The array uses just 8 bits per element

%whos

Variable   Type       Data/Info
-------------------------------
flag       ndarray    10: 10 elems, type uint8, 10 bytes
np         module     <module 'numpy' from '/ho<...>kages/numpy/__init__.py'>


Raising a bit seems as easy as adding 2**bit value to the array, for example the 4th bit is 16, so:

flag[2:5] += 2**4

flag

array([ 0,  0, 16, 16, 16,  0,  0,  0,  0,  0], dtype=uint8)

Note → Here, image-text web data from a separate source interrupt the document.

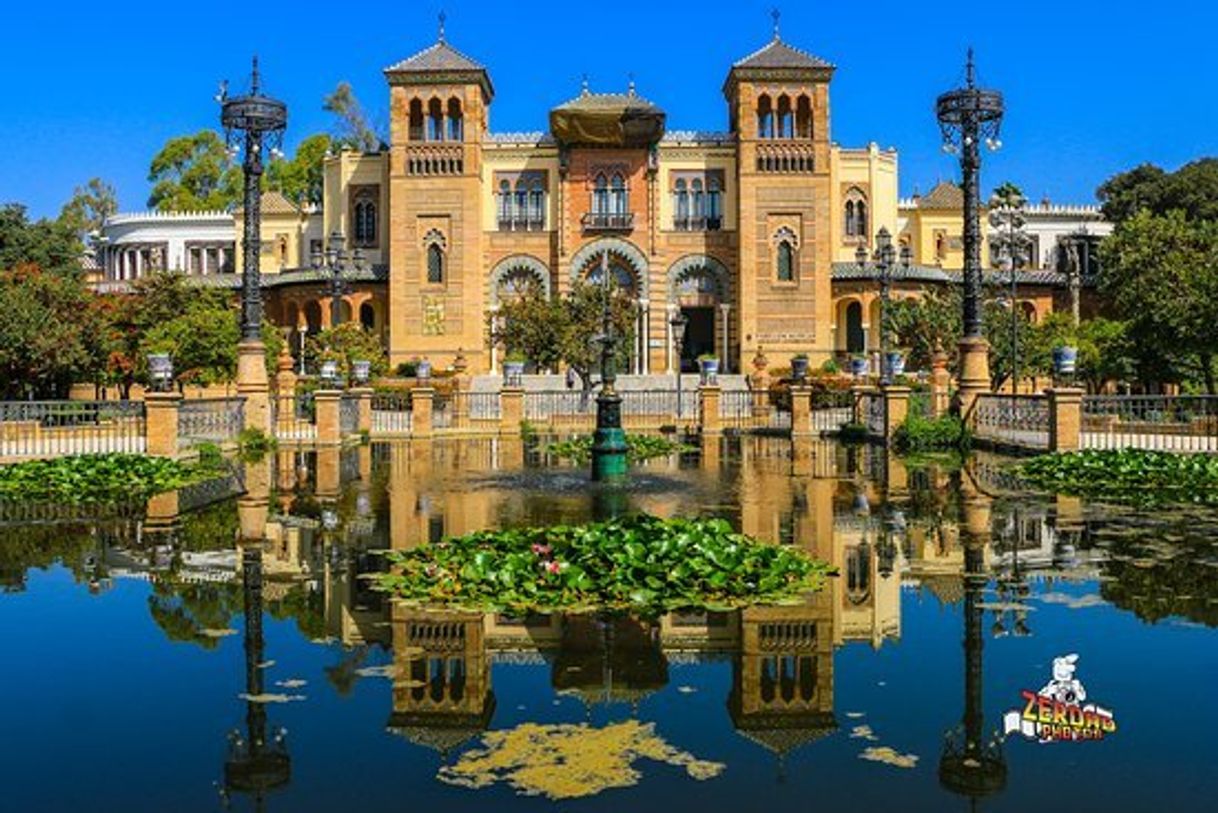 Place Parque de María Luisa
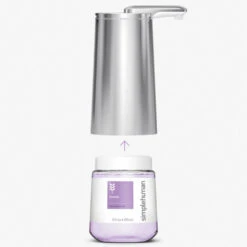 Oppladbar Skumpumpe -Weston Butikk 14037 12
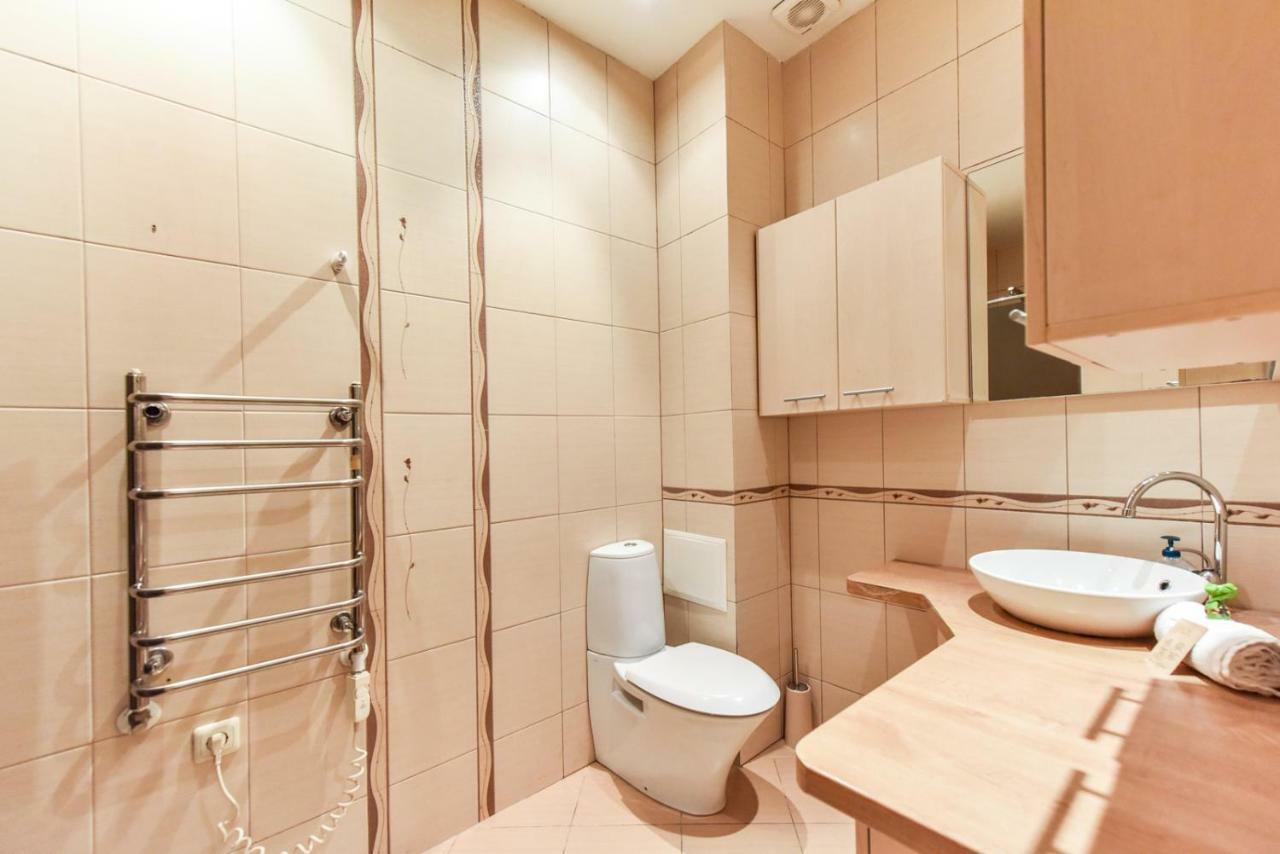 Apartment Liepu Str. ไคลเพดา ภายนอก รูปภาพ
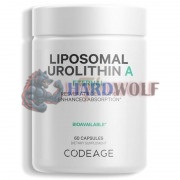 Liposomal Urolithin A (60 шт), CodeAge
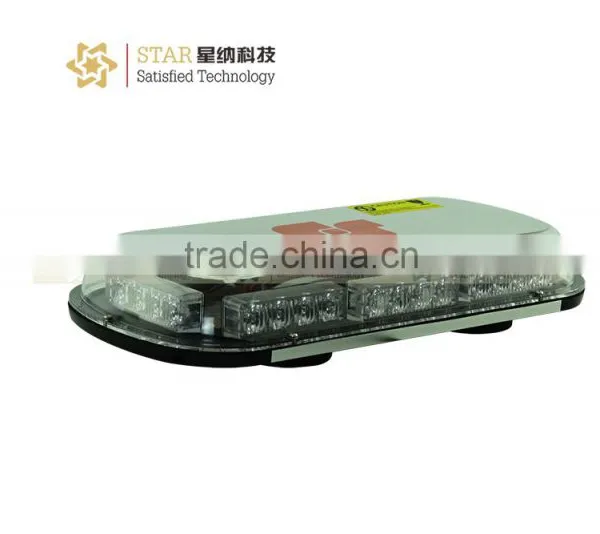 Police Firefighter Vehicle Strobe Mini Light Bars photo-3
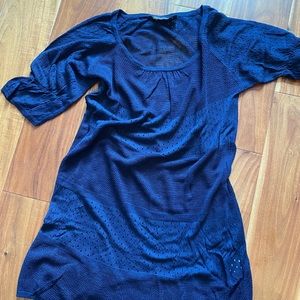 Valentino knit blouse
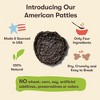 Pet 'n Shape American Patties Dog Treats, 16 oz in Resealable Bag - 3 of 4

The issue is that only works if that bit was 0, if it was already raised, we would actually zero it and set the higher bit to 1:

flag[2] += 2**4

flag

array([ 0,  0, 32, 16, 16,  0,  0,  0,  0,  0], dtype=uint8)

## Use bitwise operations

Fortunately numpy supports bitwise operations that make this easier, see the 2 functions below:

def raise_bit_inplace(flag, bit=0):
"""Raise bit of the flag array in place

This function modifies the input array,
it also works on slices

Parameters
----------
flag : np.array
flag bit-array, generally unsigned integer
bit : int
bit number to raise
"""
flag[:] = np.bitwise_or(flag, 2**bit)

def raise_bit(flag, bit=0):
"""Raise bit of the flag array

Parameters
----------
flag : np.array
flag bit-array, generally unsigned integer
bit : int
bit number to raise

Returns
-------
output_flag : np.array
input array with the requested bit raised
"""
return np.bitwise_or(flag, 2**bit)

def check_bit(flag, bit=0):
"""Check if bit of the flag array is raised

The output is a boolean array which could
be used for slicing another array.

Parameters
----------
flag : np.array
flag bit-array, generally unsigned integer
bit : int
bit number to check

Returns
-------
is_raised : bool np.array
True if the bit is raised, False otherwise
"""
return np.bitwise_and(flag, int(2**bit)) > 0

is_bit4_raised = check_bit(flag, bit=4)

is_bit4_raised

array([False, False, False,  True,  True, False, False, False, False,
False])
assert np.all(is_bit4_raised[3:5])


They also work with slices of an array:

raise_bit_inplace(flag[6:], bit=1)

flag

array([ 0,  0, 32, 16, 16,  0,  2,  2,  2,  2], dtype=uint8)
raise_bit_inplace(flag[6:], bit=1)

flag

array([ 0,  0, 32, 16, 16,  0,  2,  2,  2,  2], dtype=uint8)
check_bit(flag, 1)

array([False, False, False, False, False, False,  True,  True,  True,
True])

First blog post using a Jupyter Notebook with fastpages!!